● Problem to solve: Each record that follows must be given again without alteration.

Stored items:
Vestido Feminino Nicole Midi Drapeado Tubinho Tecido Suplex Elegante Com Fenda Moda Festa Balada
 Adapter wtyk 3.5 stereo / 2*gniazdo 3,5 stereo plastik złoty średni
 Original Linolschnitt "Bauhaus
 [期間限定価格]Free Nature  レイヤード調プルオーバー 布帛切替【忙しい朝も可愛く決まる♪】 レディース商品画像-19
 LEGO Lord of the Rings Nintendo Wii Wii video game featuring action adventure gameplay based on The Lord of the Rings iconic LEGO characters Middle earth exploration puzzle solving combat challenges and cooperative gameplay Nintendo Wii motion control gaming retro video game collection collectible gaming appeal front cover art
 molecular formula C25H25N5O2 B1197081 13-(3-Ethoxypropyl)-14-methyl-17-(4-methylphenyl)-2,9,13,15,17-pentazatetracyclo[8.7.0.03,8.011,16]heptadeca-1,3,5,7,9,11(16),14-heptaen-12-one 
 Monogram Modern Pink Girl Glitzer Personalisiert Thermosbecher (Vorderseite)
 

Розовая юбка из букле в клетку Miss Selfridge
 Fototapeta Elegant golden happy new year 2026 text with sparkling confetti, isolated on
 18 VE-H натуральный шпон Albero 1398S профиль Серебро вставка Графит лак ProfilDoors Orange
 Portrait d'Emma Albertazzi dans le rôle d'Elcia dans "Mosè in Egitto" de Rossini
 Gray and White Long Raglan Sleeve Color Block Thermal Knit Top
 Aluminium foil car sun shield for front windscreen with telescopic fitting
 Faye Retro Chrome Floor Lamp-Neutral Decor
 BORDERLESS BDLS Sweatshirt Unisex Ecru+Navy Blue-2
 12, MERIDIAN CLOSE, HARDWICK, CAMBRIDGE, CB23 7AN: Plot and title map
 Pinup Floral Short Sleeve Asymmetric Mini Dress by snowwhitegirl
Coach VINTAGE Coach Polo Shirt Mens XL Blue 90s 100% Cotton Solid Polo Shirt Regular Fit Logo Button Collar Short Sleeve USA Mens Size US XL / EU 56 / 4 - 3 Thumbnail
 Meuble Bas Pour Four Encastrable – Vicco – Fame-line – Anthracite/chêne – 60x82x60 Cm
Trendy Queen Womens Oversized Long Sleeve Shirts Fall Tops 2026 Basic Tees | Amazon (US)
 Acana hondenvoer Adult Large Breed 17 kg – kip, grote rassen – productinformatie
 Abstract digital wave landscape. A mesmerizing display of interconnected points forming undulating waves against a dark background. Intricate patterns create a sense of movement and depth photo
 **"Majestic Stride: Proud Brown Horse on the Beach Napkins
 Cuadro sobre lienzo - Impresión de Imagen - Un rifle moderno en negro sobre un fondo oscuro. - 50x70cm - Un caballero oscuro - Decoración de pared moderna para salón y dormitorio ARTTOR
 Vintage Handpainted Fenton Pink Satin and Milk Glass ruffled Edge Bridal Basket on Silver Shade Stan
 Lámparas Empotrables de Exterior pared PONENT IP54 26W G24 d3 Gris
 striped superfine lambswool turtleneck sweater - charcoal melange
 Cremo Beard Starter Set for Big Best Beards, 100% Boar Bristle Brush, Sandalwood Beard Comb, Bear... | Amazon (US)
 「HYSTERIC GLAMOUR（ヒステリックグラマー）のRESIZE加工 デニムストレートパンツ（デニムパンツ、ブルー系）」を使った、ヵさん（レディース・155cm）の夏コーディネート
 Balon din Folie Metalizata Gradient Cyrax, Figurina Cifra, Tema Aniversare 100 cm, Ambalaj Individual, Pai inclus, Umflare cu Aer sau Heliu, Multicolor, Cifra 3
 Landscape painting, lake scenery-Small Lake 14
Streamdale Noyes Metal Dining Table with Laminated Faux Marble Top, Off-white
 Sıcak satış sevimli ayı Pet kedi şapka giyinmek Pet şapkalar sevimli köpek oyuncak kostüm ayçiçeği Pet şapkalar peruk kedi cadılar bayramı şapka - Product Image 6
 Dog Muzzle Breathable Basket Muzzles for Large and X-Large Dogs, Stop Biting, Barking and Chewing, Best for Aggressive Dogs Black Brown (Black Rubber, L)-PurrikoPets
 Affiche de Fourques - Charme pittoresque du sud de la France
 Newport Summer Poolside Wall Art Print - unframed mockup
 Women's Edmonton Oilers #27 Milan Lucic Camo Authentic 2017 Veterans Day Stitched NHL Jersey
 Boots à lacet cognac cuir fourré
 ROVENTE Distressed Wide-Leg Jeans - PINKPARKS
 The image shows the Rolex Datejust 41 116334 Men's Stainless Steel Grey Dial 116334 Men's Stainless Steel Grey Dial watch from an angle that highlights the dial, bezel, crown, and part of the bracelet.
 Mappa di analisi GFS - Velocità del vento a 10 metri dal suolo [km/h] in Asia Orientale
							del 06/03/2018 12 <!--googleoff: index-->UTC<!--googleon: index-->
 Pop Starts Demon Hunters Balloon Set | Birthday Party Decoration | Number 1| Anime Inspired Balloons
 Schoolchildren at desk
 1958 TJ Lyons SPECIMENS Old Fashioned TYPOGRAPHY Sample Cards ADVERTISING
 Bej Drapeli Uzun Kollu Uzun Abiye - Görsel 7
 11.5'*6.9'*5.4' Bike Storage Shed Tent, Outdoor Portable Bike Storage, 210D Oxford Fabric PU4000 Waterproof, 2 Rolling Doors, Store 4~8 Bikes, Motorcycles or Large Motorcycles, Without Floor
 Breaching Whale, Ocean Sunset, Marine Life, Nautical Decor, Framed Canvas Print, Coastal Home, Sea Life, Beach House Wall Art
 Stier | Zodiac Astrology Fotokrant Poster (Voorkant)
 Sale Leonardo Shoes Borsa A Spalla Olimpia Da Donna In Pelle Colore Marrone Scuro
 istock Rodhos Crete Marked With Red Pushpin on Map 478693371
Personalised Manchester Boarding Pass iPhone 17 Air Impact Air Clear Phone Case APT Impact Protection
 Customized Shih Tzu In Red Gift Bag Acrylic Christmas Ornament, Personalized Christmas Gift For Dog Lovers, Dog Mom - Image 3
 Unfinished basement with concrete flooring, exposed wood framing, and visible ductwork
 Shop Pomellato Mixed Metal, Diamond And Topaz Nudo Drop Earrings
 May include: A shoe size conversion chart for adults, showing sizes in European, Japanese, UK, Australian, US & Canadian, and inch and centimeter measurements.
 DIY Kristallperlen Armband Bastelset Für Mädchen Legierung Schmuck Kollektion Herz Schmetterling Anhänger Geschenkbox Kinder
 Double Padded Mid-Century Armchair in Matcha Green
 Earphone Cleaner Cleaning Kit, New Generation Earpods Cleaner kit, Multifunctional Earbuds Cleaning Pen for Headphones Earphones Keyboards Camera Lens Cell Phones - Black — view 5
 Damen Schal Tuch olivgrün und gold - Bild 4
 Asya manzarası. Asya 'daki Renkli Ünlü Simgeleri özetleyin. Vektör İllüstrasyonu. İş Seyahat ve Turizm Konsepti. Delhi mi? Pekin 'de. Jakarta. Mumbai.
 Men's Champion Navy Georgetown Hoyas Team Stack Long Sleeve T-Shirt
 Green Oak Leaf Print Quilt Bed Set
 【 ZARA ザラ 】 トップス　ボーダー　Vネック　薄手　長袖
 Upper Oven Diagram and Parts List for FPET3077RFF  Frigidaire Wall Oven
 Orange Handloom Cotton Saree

● Answer to this task:
Vestido Feminino Nicole Midi Drapeado Tubinho Tecido Suplex Elegante Com Fenda Moda Festa Balada
 Adapter wtyk 3.5 stereo / 2*gniazdo 3,5 stereo plastik złoty średni
 Original Linolschnitt "Bauhaus
 [期間限定価格]Free Nature  レイヤード調プルオーバー 布帛切替【忙しい朝も可愛く決まる♪】 レディース商品画像-19
 LEGO Lord of the Rings Nintendo Wii Wii video game featuring action adventure gameplay based on The Lord of the Rings iconic LEGO characters Middle earth exploration puzzle solving combat challenges and cooperative gameplay Nintendo Wii motion control gaming retro video game collection collectible gaming appeal front cover art
 molecular formula C25H25N5O2 B1197081 13-(3-Ethoxypropyl)-14-methyl-17-(4-methylphenyl)-2,9,13,15,17-pentazatetracyclo[8.7.0.03,8.011,16]heptadeca-1,3,5,7,9,11(16),14-heptaen-12-one 
 Monogram Modern Pink Girl Glitzer Personalisiert Thermosbecher (Vorderseite)
 

Розовая юбка из букле в клетку Miss Selfridge
 Fototapeta Elegant golden happy new year 2026 text with sparkling confetti, isolated on
 18 VE-H натуральный шпон Albero 1398S профиль Серебро вставка Графит лак ProfilDoors Orange
 Portrait d'Emma Albertazzi dans le rôle d'Elcia dans "Mosè in Egitto" de Rossini
 Gray and White Long Raglan Sleeve Color Block Thermal Knit Top
 Aluminium foil car sun shield for front windscreen with telescopic fitting
 Faye Retro Chrome Floor Lamp-Neutral Decor
 BORDERLESS BDLS Sweatshirt Unisex Ecru+Navy Blue-2
 12, MERIDIAN CLOSE, HARDWICK, CAMBRIDGE, CB23 7AN: Plot and title map
 Pinup Floral Short Sleeve Asymmetric Mini Dress by snowwhitegirl
Coach VINTAGE Coach Polo Shirt Mens XL Blue 90s 100% Cotton Solid Polo Shirt Regular Fit Logo Button Collar Short Sleeve USA Mens Size US XL / EU 56 / 4 - 3 Thumbnail
 Meuble Bas Pour Four Encastrable – Vicco – Fame-line – Anthracite/chêne – 60x82x60 Cm
Trendy Queen Womens Oversized Long Sleeve Shirts Fall Tops 2026 Basic Tees | Amazon (US)
 Acana hondenvoer Adult Large Breed 17 kg – kip, grote rassen – productinformatie
 Abstract digital wave landscape. A mesmerizing display of interconnected points forming undulating waves against a dark background. Intricate patterns create a sense of movement and depth photo
 **"Majestic Stride: Proud Brown Horse on the Beach Napkins
 Cuadro sobre lienzo - Impresión de Imagen - Un rifle moderno en negro sobre un fondo oscuro. - 50x70cm - Un caballero oscuro - Decoración de pared moderna para salón y dormitorio ARTTOR
 Vintage Handpainted Fenton Pink Satin and Milk Glass ruffled Edge Bridal Basket on Silver Shade Stan
 Lámparas Empotrables de Exterior pared PONENT IP54 26W G24 d3 Gris
 striped superfine lambswool turtleneck sweater - charcoal melange
 Cremo Beard Starter Set for Big Best Beards, 100% Boar Bristle Brush, Sandalwood Beard Comb, Bear... | Amazon (US)
 「HYSTERIC GLAMOUR（ヒステリックグラマー）のRESIZE加工 デニムストレートパンツ（デニムパンツ、ブルー系）」を使った、ヵさん（レディース・155cm）の夏コーディネート
 Balon din Folie Metalizata Gradient Cyrax, Figurina Cifra, Tema Aniversare 100 cm, Ambalaj Individual, Pai inclus, Umflare cu Aer sau Heliu, Multicolor, Cifra 3
 Landscape painting, lake scenery-Small Lake 14
Streamdale Noyes Metal Dining Table with Laminated Faux Marble Top, Off-white
 Sıcak satış sevimli ayı Pet kedi şapka giyinmek Pet şapkalar sevimli köpek oyuncak kostüm ayçiçeği Pet şapkalar peruk kedi cadılar bayramı şapka - Product Image 6
 Dog Muzzle Breathable Basket Muzzles for Large and X-Large Dogs, Stop Biting, Barking and Chewing, Best for Aggressive Dogs Black Brown (Black Rubber, L)-PurrikoPets
 Affiche de Fourques - Charme pittoresque du sud de la France
 Newport Summer Poolside Wall Art Print - unframed mockup
 Women's Edmonton Oilers #27 Milan Lucic Camo Authentic 2017 Veterans Day Stitched NHL Jersey
 Boots à lacet cognac cuir fourré
 ROVENTE Distressed Wide-Leg Jeans - PINKPARKS
 The image shows the Rolex Datejust 41 116334 Men's Stainless Steel Grey Dial 116334 Men's Stainless Steel Grey Dial watch from an angle that highlights the dial, bezel, crown, and part of the bracelet.
 Mappa di analisi GFS - Velocità del vento a 10 metri dal suolo [km/h] in Asia Orientale
							del 06/03/2018 12 <!--googleoff: index-->UTC<!--googleon: index-->
 Pop Starts Demon Hunters Balloon Set | Birthday Party Decoration | Number 1| Anime Inspired Balloons
 Schoolchildren at desk
 1958 TJ Lyons SPECIMENS Old Fashioned TYPOGRAPHY Sample Cards ADVERTISING
 Bej Drapeli Uzun Kollu Uzun Abiye - Görsel 7
 11.5'*6.9'*5.4' Bike Storage Shed Tent, Outdoor Portable Bike Storage, 210D Oxford Fabric PU4000 Waterproof, 2 Rolling Doors, Store 4~8 Bikes, Motorcycles or Large Motorcycles, Without Floor
 Breaching Whale, Ocean Sunset, Marine Life, Nautical Decor, Framed Canvas Print, Coastal Home, Sea Life, Beach House Wall Art
 Stier | Zodiac Astrology Fotokrant Poster (Voorkant)
 Sale Leonardo Shoes Borsa A Spalla Olimpia Da Donna In Pelle Colore Marrone Scuro
 istock Rodhos Crete Marked With Red Pushpin on Map 478693371
Personalised Manchester Boarding Pass iPhone 17 Air Impact Air Clear Phone Case APT Impact Protection
 Customized Shih Tzu In Red Gift Bag Acrylic Christmas Ornament, Personalized Christmas Gift For Dog Lovers, Dog Mom - Image 3
 Unfinished basement with concrete flooring, exposed wood framing, and visible ductwork
 Shop Pomellato Mixed Metal, Diamond And Topaz Nudo Drop Earrings
 May include: A shoe size conversion chart for adults, showing sizes in European, Japanese, UK, Australian, US & Canadian, and inch and centimeter measurements.
 DIY Kristallperlen Armband Bastelset Für Mädchen Legierung Schmuck Kollektion Herz Schmetterling Anhänger Geschenkbox Kinder
 Double Padded Mid-Century Armchair in Matcha Green
 Earphone Cleaner Cleaning Kit, New Generation Earpods Cleaner kit, Multifunctional Earbuds Cleaning Pen for Headphones Earphones Keyboards Camera Lens Cell Phones - Black — view 5
 Damen Schal Tuch olivgrün und gold - Bild 4
 Asya manzarası. Asya 'daki Renkli Ünlü Simgeleri özetleyin. Vektör İllüstrasyonu. İş Seyahat ve Turizm Konsepti. Delhi mi? Pekin 'de. Jakarta. Mumbai.
 Men's Champion Navy Georgetown Hoyas Team Stack Long Sleeve T-Shirt
 Green Oak Leaf Print Quilt Bed Set
 【 ZARA ザラ 】 トップス　ボーダー　Vネック　薄手　長袖
 Upper Oven Diagram and Parts List for FPET3077RFF  Frigidaire Wall Oven
 Orange Handloom Cotton Saree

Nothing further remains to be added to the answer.